WHAT IS BEING ASKED: Among the entries below, only the lines starting at the one with "El Místico De La India 25 - Lienzo Envuelto" and ending at the one with "Prontex Wind - Apparecchio", both included, are to be printed exactly.

GIVEN INFORMATION:
#####
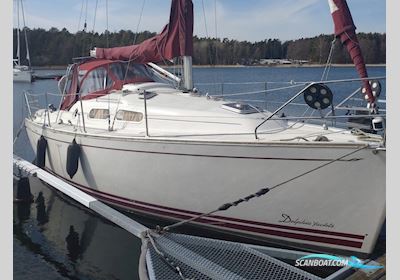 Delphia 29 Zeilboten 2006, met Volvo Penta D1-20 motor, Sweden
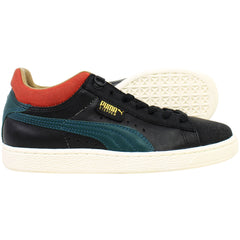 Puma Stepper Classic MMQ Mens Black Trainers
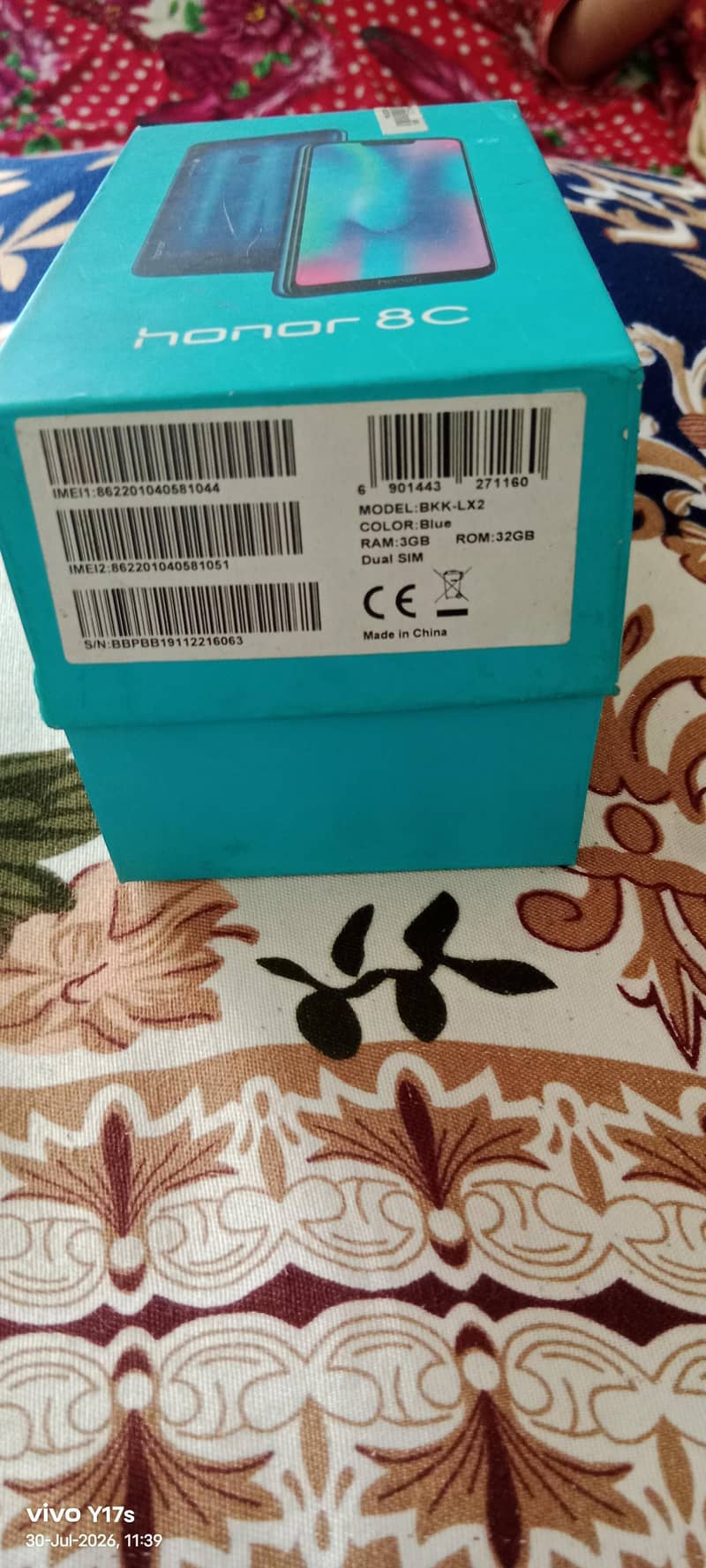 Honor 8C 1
#####
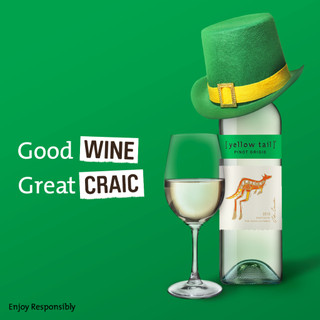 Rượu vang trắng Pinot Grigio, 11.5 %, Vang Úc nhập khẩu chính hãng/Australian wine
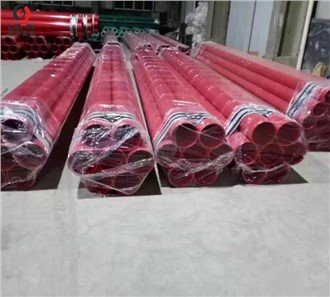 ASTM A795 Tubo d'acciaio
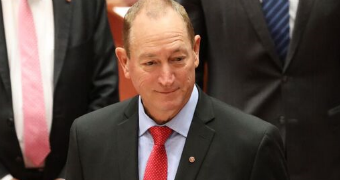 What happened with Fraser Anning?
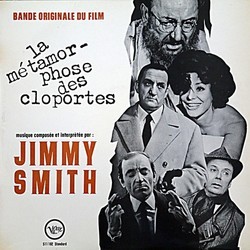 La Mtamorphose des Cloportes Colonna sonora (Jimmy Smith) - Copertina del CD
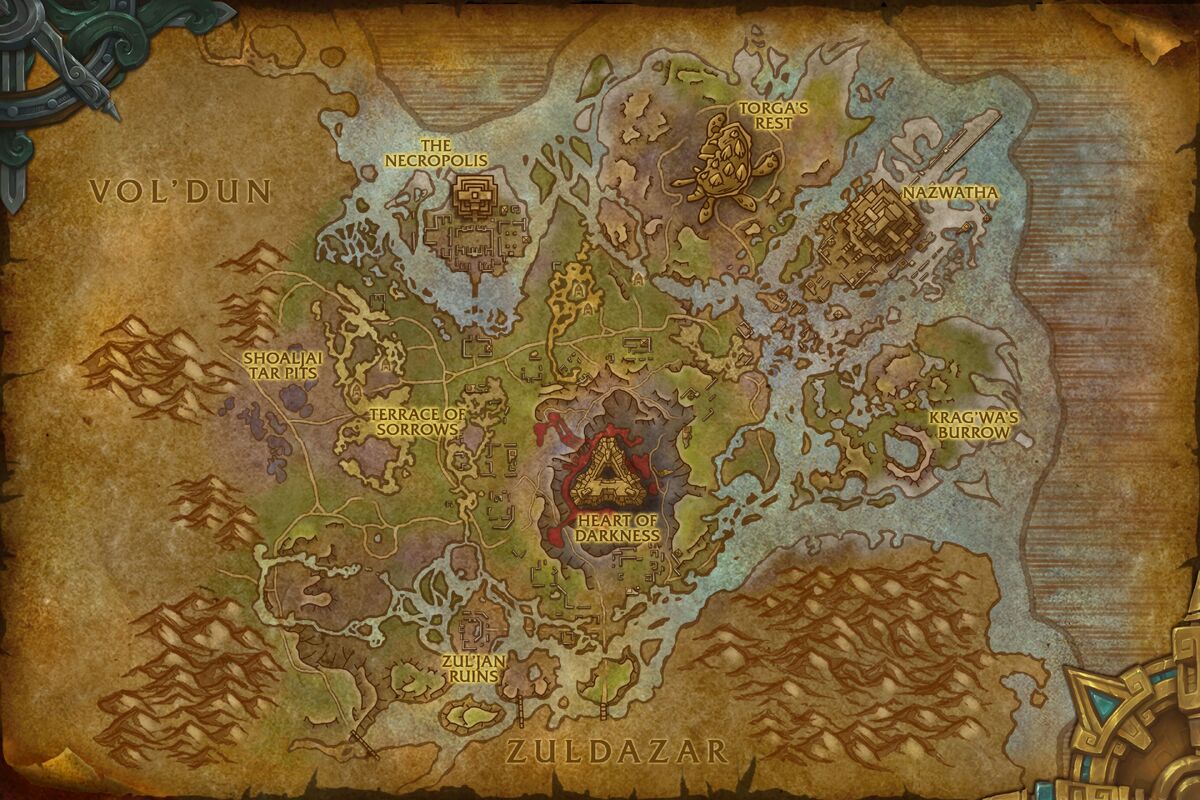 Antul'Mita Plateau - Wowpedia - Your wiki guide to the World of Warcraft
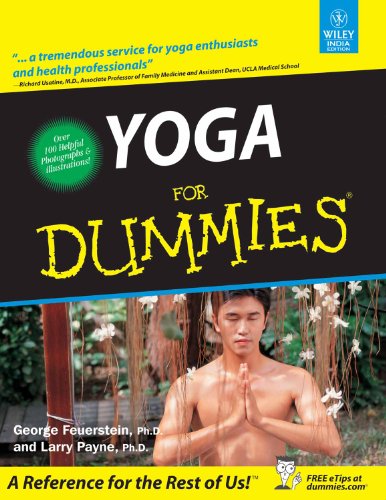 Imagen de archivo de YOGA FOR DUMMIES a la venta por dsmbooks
#####
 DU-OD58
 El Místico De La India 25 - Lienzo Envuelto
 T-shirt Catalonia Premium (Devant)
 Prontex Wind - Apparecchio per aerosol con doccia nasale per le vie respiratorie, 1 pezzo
#####
TASK RESPONSE:
 El Místico De La India 25 - Lienzo Envuelto
 T-shirt Catalonia Premium (Devant)
 Prontex Wind - Apparecchio per aerosol con doccia nasale per le vie respiratorie, 1 pezzo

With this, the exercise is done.